Where is the mortgage market heading?

As humans we love routine and are often opposed to change. When it comes to switching your mortgage I would always recommend to clients to review their mortgage and always shop around for a better rate. You could make significant savings on your mortgage if you switch to a lower interest rate. If you have a €300k mortgage at 3% you will be paying the bank €155k interest on top of the €300k loan. If you switch to a reduced rate you will save yourself a lot more and could use that extra money to enhance your financial situation by putting it into your pension and letting it grow tax free or into a child’s savings plan so you can fund an education for your children. I would always recommend going on a fixed rate as variable rates tend to be much higher. The lower the term the better as you will owe a lot less interest.

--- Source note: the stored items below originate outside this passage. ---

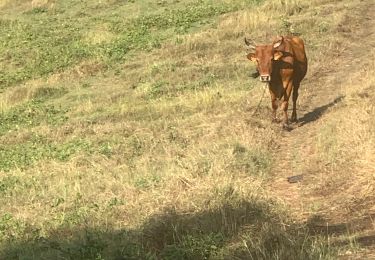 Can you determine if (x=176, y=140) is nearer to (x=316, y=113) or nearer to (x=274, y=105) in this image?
(x=274, y=105)

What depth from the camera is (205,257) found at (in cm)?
594

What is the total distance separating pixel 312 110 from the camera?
12.9 meters

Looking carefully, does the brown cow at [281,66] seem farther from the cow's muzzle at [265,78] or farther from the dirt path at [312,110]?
the dirt path at [312,110]

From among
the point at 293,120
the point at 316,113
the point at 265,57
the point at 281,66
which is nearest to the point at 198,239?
the point at 265,57

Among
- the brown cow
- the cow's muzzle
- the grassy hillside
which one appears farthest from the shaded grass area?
the brown cow

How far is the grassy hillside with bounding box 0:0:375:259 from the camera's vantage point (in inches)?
262

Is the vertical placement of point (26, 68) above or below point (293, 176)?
below

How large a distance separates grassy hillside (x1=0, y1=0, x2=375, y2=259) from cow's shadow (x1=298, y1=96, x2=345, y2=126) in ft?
0.25

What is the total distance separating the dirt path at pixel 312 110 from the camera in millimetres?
7943

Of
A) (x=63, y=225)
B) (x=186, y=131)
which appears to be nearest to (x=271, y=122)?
(x=186, y=131)

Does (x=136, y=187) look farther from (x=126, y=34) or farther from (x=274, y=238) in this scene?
(x=126, y=34)

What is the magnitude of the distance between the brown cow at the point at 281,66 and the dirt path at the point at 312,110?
0.70 metres

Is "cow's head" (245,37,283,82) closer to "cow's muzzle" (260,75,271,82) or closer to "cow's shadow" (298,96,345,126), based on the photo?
"cow's muzzle" (260,75,271,82)

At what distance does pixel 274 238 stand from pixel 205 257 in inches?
29.0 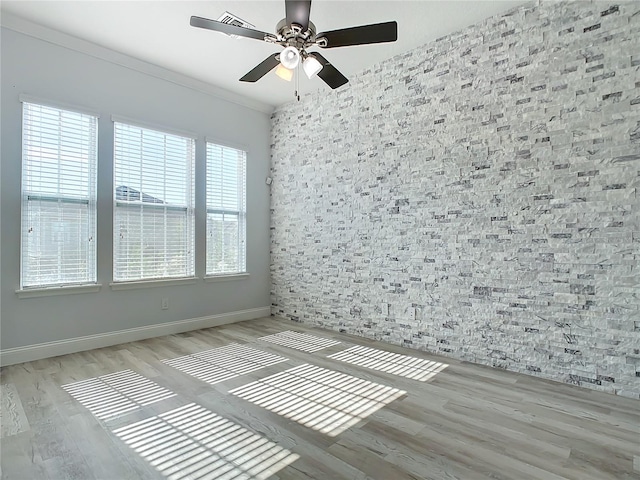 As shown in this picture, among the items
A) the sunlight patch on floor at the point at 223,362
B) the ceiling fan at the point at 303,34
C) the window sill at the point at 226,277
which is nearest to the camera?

Where is the mortgage market heading seems to be the question on everyone’s mind. The truth is that nobody can be certain exactly where it’s going and experts have all chimed in with their contrasting opinions which further indicates that nobody is entirely sure. However, I certainly wouldn’t recommend to those who are looking to purchase a property to put their plans on hold for a couple of years in hope that a housing prices go down.

I have seen recently some well renowned economists encouraging those who are looking to buy a property to go abroad for a few years and hope that the housing crisis is cleared up by the time they return. I would strongly advise against this as it’s a gamble. The demand for houses in Ireland at the moment heavily outweighs supply and due to the closure of building sites caused by Covid-19 I can’t see supply meeting demand for a number of years. The knock on effect of building sites being closed is that developers will have faced costly interest bills as their sites were closed and these costs will be passed onto the buyer in some shape or form in my opinion.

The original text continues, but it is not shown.